After locating the line containing "ISOTONER Pantofole da" in the entries below, please write out that line and the rest through the end exactly. Omit pictures.
━━━━━━
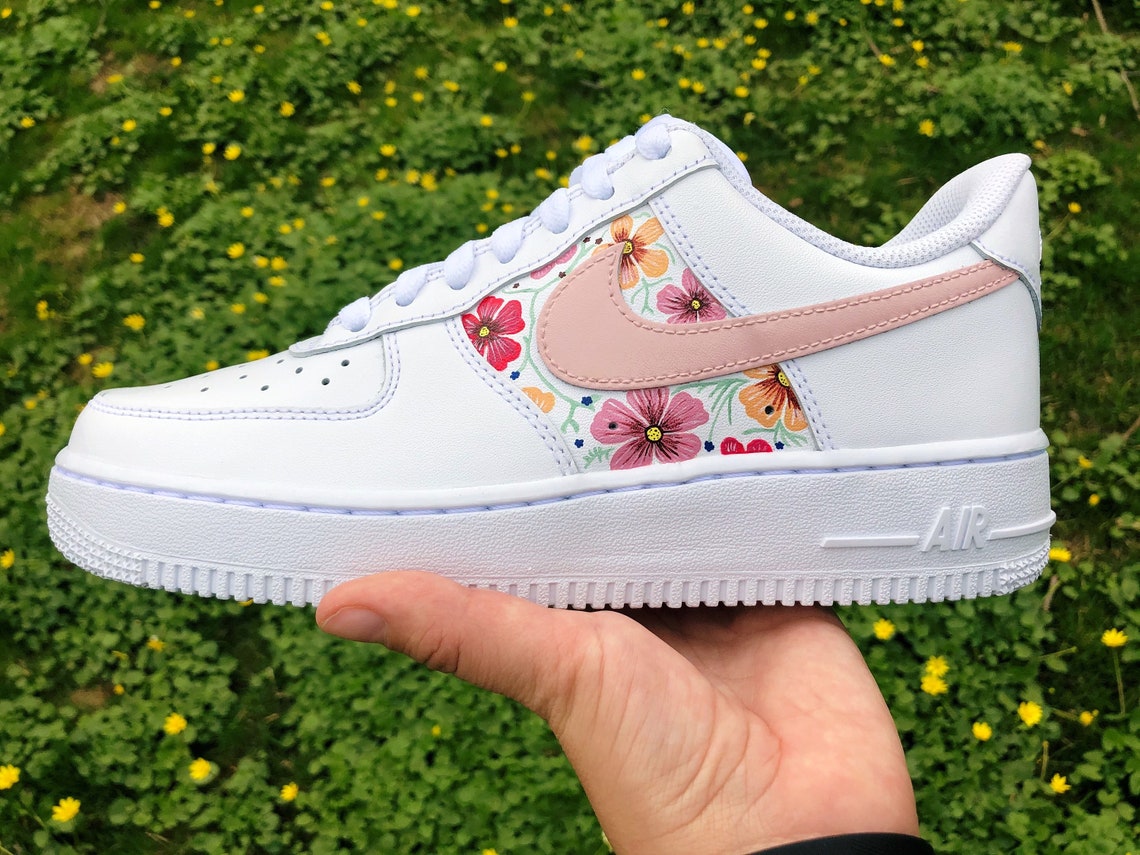 Dainty Flower Custom Trainers Airforce Etsy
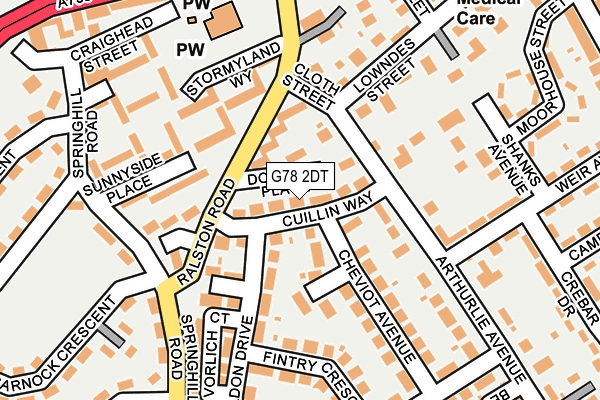 G78 2DT map - OS OpenMap – Local (Ordnance Survey)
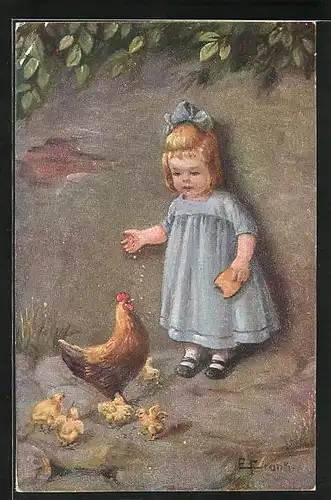 Künstler-AK Elly Frank: Kleines Mädchen füttert Hühner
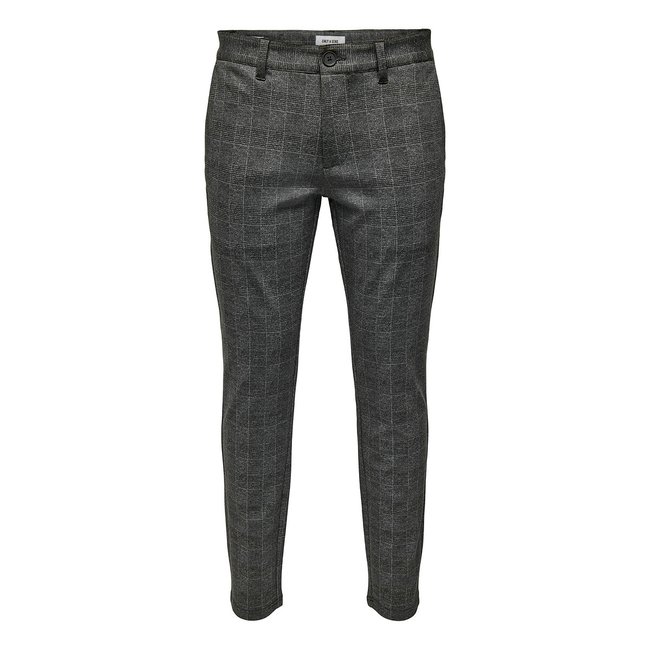 Mark Slim Stretch Trousers in Check Print, black, ONLY & SONS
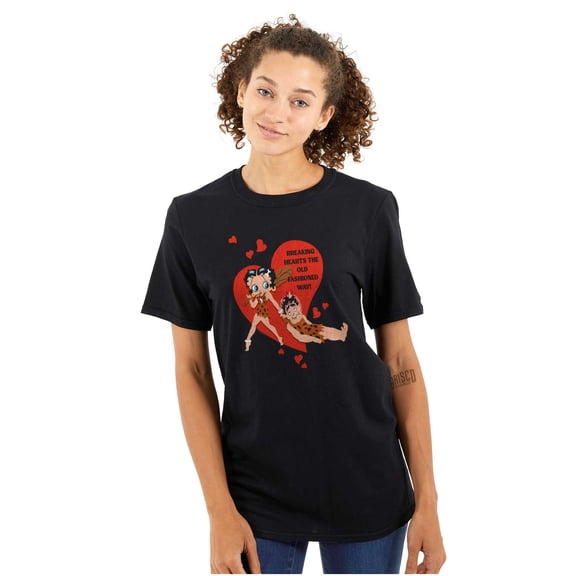 Betty Boop Caveman Heartbreaker Women's Graphic T Shirt Tees Brisco Brands S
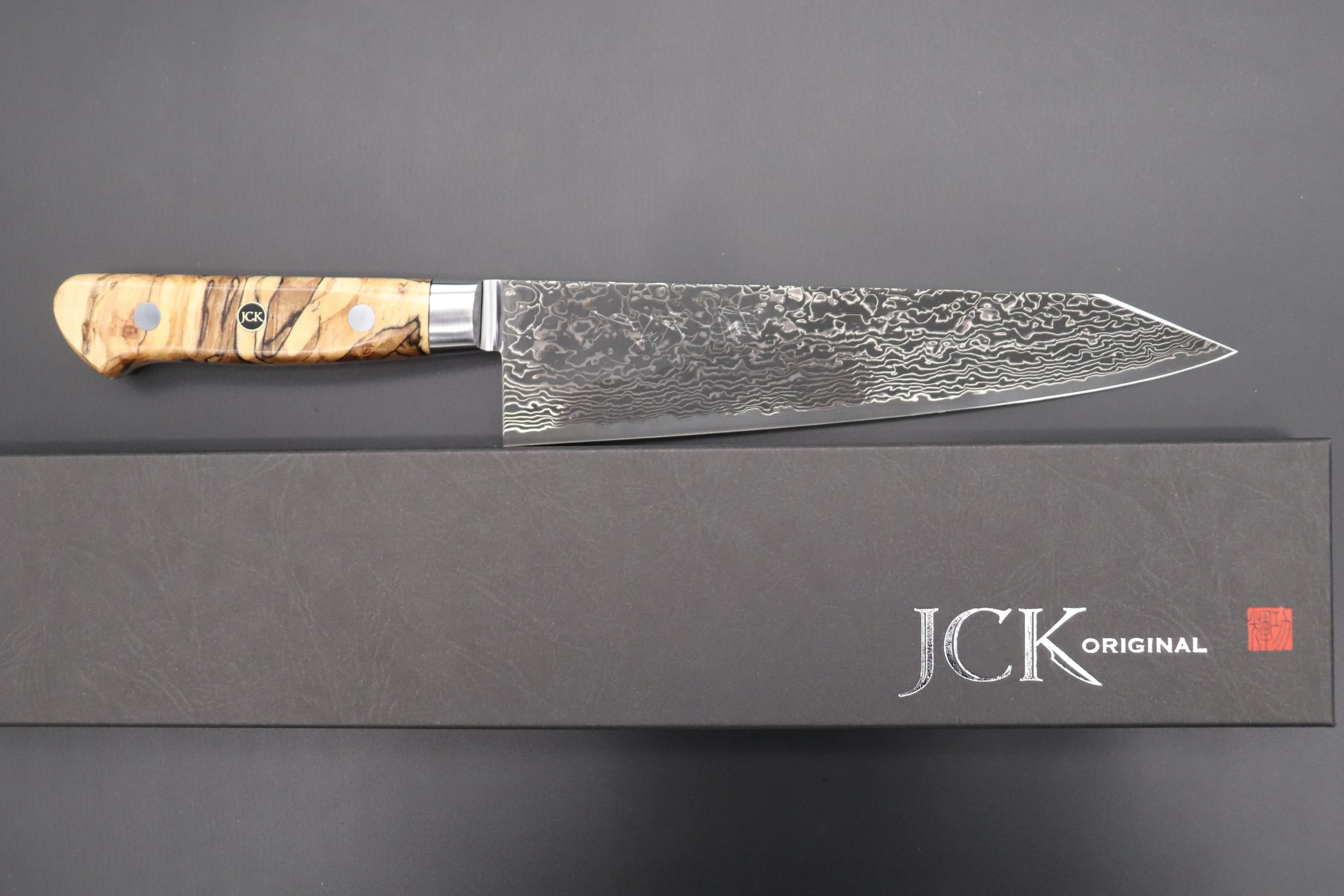 JCK Original Kagayaki Grand Canyon R-2 Black Damascus Series GCYU-17 Kiritsuke Gyuto 200mm (7.8 Inch)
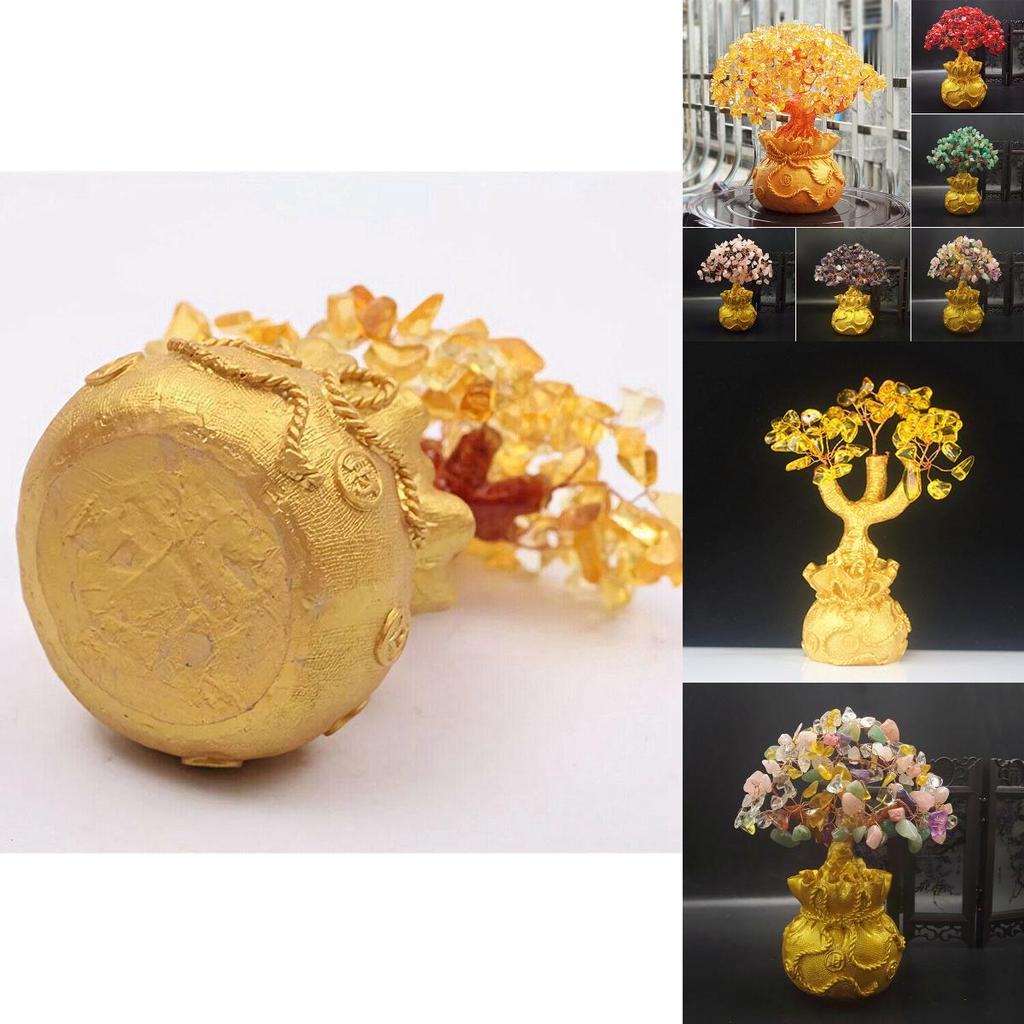 Exquisite Feng Shui Money Tree Featuring Yellow Citrine And Amethyst Crystal Leaves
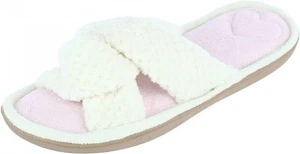 ISOTONER Pantofole da scivolo beige popcorn ECO microterry memory foam x L (9-10) - Foto 1 di 5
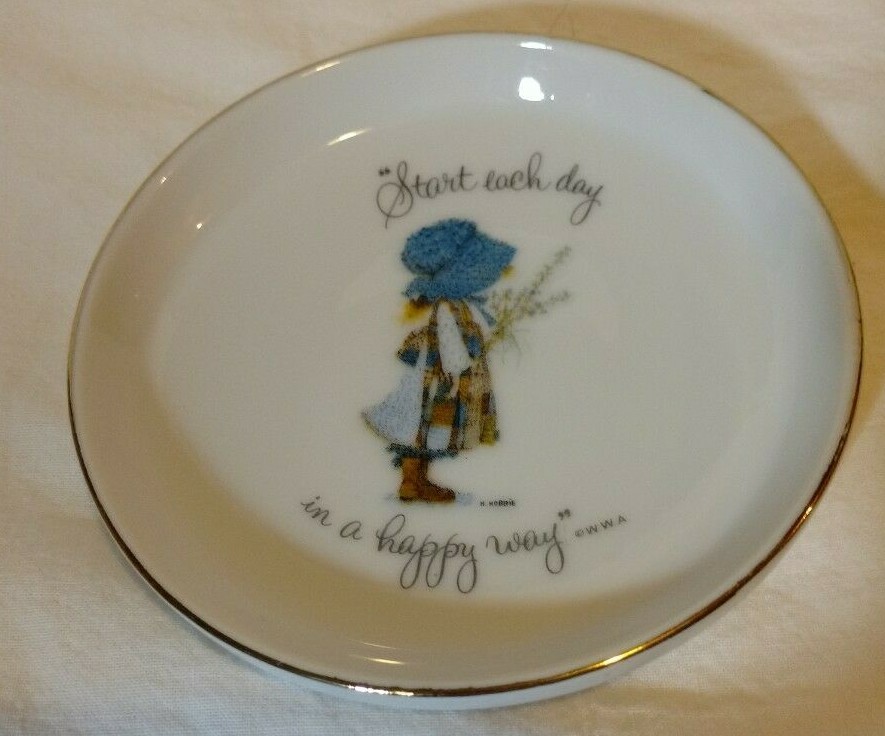 Small Vintage Holly Hobbie Porcelain Trinket Plates Coasters Set Of 4 Different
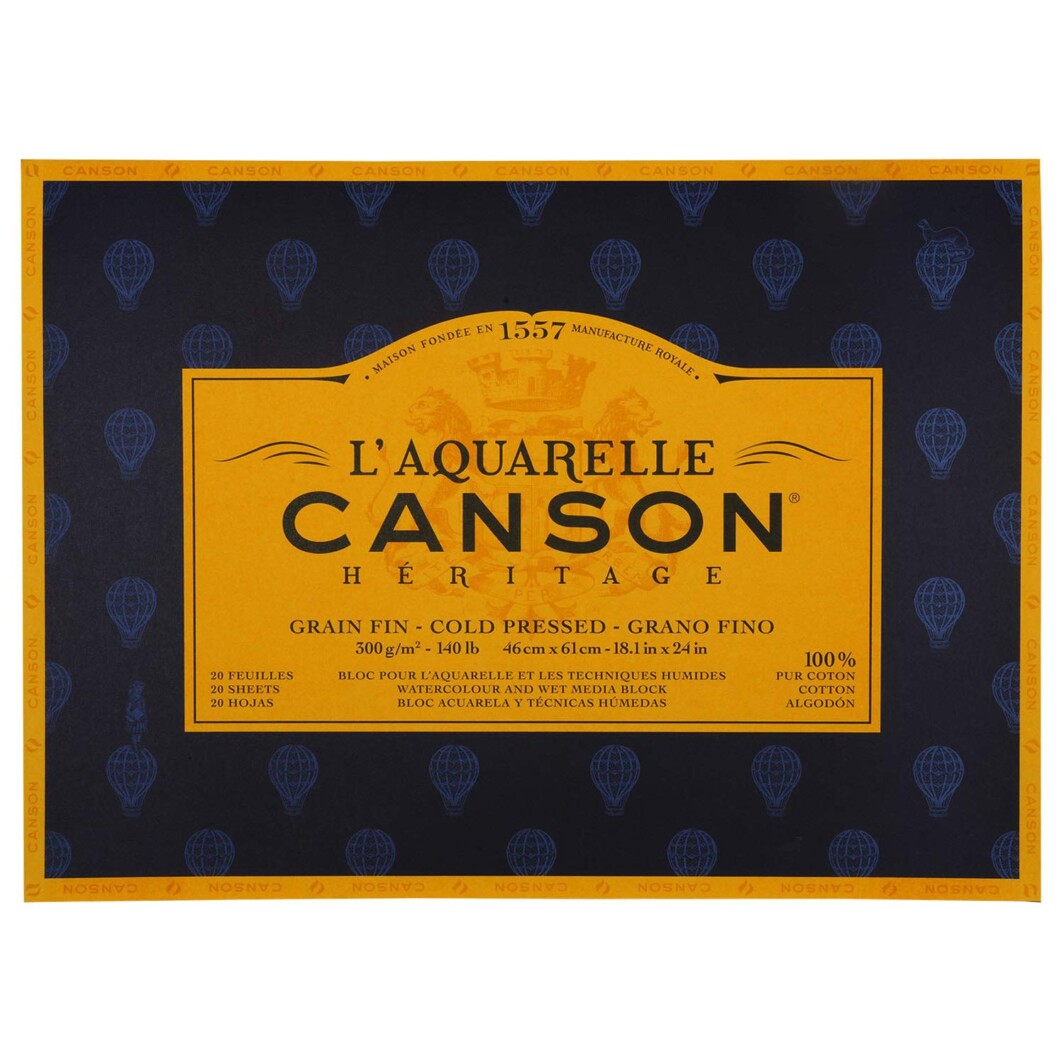 Canson Heritage Watercolour Paper Block 300gsm 46x61cm 20 Sheets Cold Pressed-0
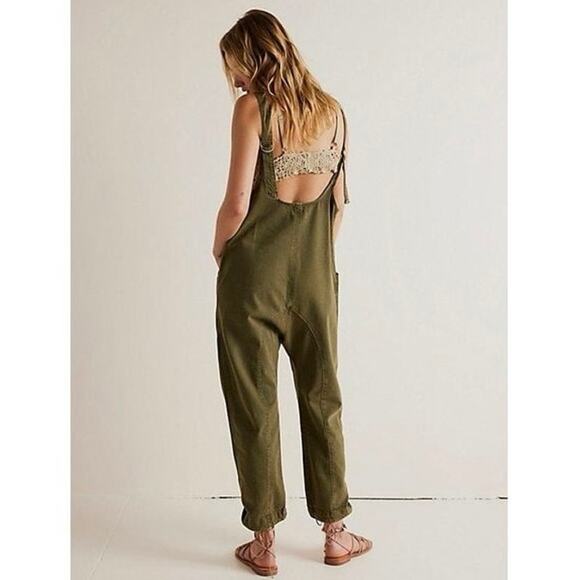 Free People We The Free High Roller Jumpsuit Green Size Small - Picture 2 of 16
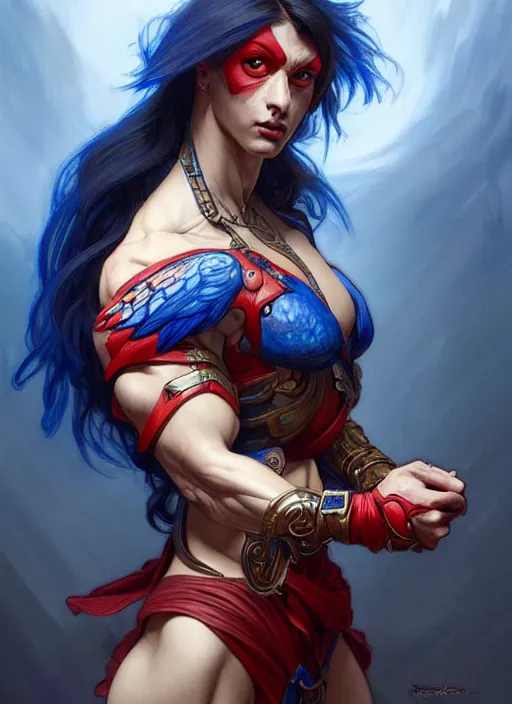 Image similar to portrait of aggressive pigeon humanoid, d & d, muscular! blue and red, fantasy, intricate, elegant, highly detailed, digital painting, artstation, concept art, smooth, sharp focus, illustration, art by artgerm and greg rutkowski and alphonse mucha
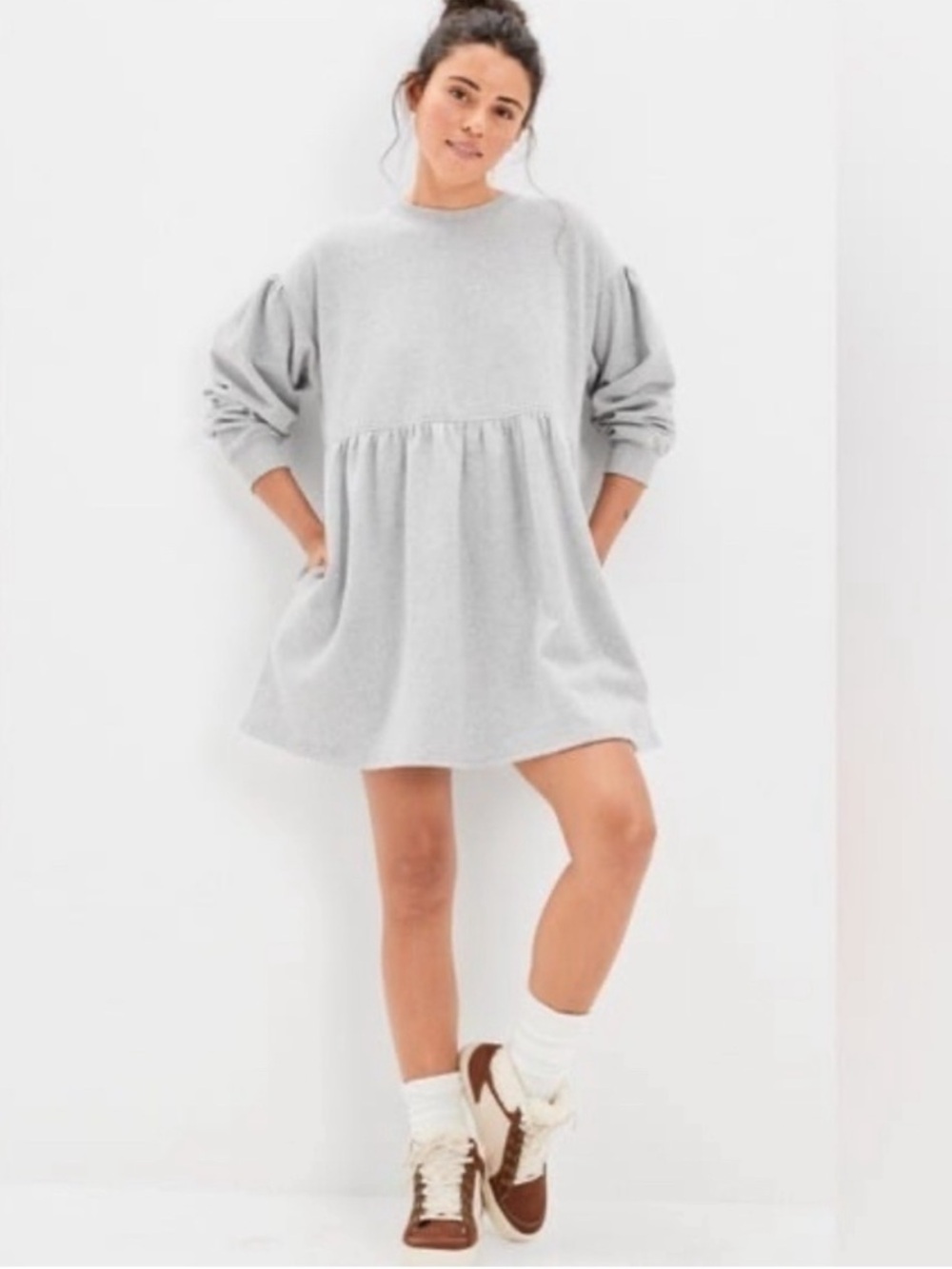 American Eagle Outfitters Women's‎ Long-Sleeve Fleece Babydoll Mini Dress.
━━━━━━
ANSWER TO THE PROBLEM:
 ISOTONER Pantofole da scivolo beige popcorn ECO microterry memory foam x L (9-10) - Foto 1 di 5
 Small Vintage Holly Hobbie Porcelain Trinket Plates Coasters Set Of 4 Different
 Canson Heritage Watercolour Paper Block 300gsm 46x61cm 20 Sheets Cold Pressed-0
 Free People We The Free High Roller Jumpsuit Green Size Small - Picture 2 of 16
 Image similar to portrait of aggressive pigeon humanoid, d & d, muscular! blue and red, fantasy, intricate, elegant, highly detailed, digital painting, artstation, concept art, smooth, sharp focus, illustration, art by artgerm and greg rutkowski and alphonse mucha
 American Eagle Outfitters Women's‎ Long-Sleeve Fleece Babydoll Mini Dress.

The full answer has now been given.